_DATASET SECTION_
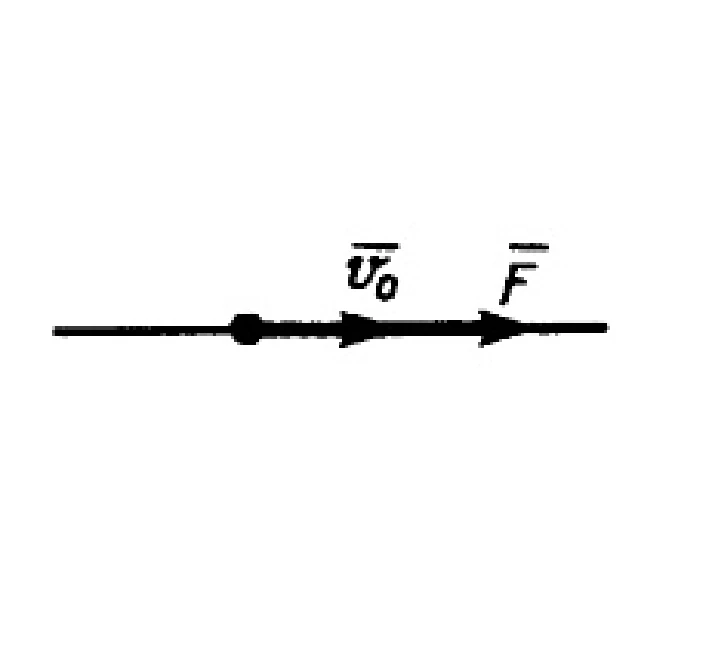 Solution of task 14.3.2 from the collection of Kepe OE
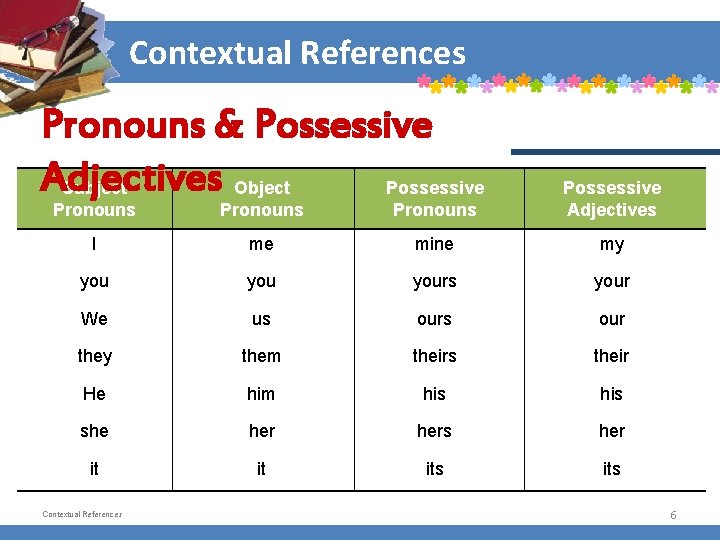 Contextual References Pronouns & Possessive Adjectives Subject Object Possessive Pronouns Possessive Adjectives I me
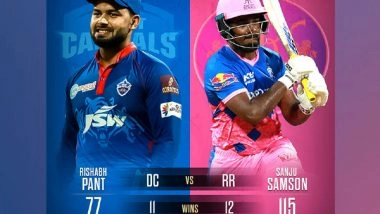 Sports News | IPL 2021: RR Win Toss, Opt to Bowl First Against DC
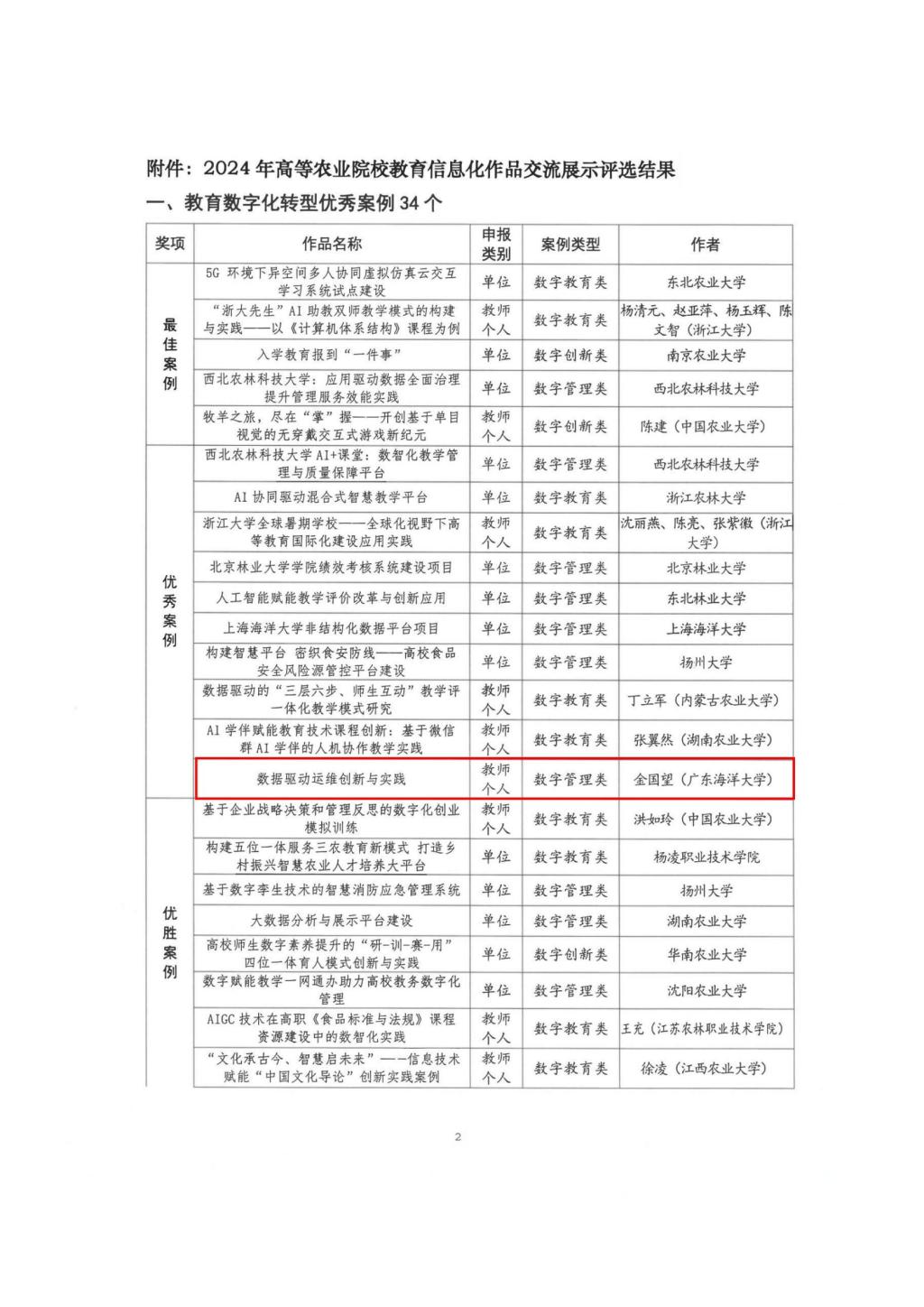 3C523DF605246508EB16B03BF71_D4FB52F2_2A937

_DIRECTIONS_
Print the material again word for word. Please drop every picture.

_RESULT FOR THIS EXERCISE_
 Solution of task 14.3.2 from the collection of Kepe OE
 Contextual References Pronouns & Possessive Adjectives Subject Object Possessive Pronouns Possessive Adjectives I me
 Sports News | IPL 2021: RR Win Toss, Opt to Bowl First Against DC
 3C523DF605246508EB16B03BF71_D4FB52F2_2A937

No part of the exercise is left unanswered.